• _MATERIAL SHOWN_
════════
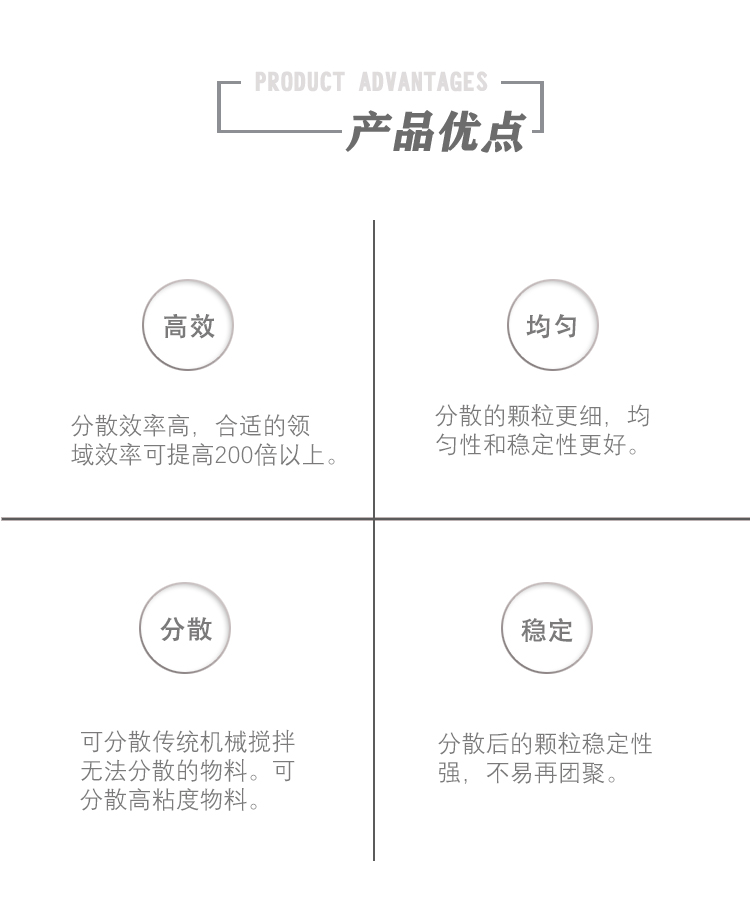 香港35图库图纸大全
════════
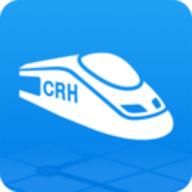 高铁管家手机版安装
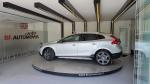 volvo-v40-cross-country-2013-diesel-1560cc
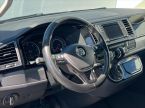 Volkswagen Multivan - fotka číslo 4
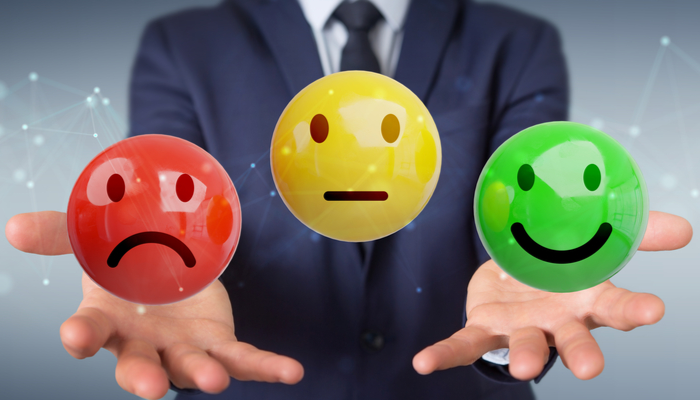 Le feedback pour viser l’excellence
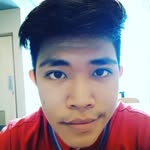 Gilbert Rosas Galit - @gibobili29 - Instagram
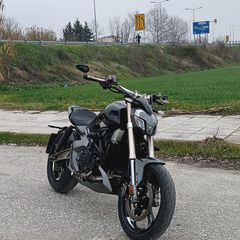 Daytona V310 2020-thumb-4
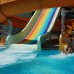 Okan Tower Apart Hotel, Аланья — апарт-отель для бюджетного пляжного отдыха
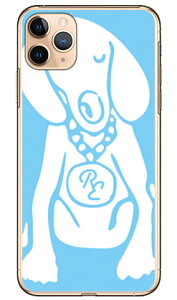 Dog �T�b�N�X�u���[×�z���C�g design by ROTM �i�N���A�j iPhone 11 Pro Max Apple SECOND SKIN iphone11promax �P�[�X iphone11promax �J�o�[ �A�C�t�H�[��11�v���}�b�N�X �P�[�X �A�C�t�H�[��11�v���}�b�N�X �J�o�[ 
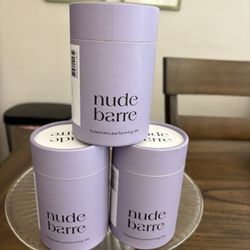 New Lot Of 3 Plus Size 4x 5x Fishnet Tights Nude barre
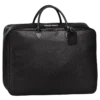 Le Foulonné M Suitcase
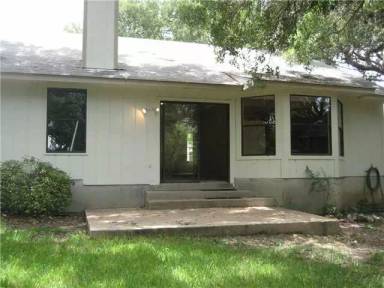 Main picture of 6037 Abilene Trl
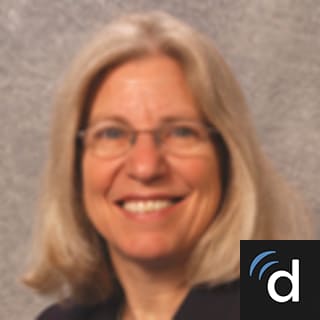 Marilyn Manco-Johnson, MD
════════
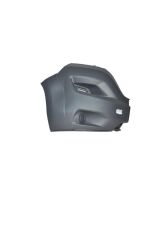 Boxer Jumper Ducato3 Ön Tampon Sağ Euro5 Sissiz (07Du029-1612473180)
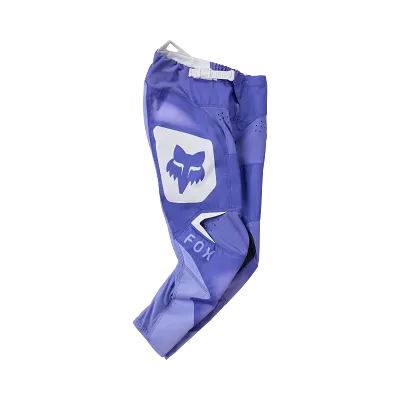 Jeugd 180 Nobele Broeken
════════
• _ACTIVITY_
Everything above from the line containing "Le feedback pour viser l’excellence" through the line containing "Marilyn Manco-Johnson, MD" must be repeated exactly, and the pictures must be left out.

• _ANSWER TO THE EXERCISE_
 Le feedback pour viser l’excellence
 Gilbert Rosas Galit - @gibobili29 - Instagram
 Daytona V310 2020-thumb-4
 Okan Tower Apart Hotel, Аланья — апарт-отель для бюджетного пляжного отдыха
 Dog �T�b�N�X�u���[×�z���C�g design by ROTM �i�N���A�j iPhone 11 Pro Max Apple SECOND SKIN iphone11promax �P�[�X iphone11promax �J�o�[ �A�C�t�H�[��11�v���}�b�N�X �P�[�X �A�C�t�H�[��11�v���}�b�N�X �J�o�[ 
 New Lot Of 3 Plus Size 4x 5x Fishnet Tights Nude barre
 Le Foulonné M Suitcase
 Main picture of 6037 Abilene Trl
 Marilyn Manco-Johnson, MD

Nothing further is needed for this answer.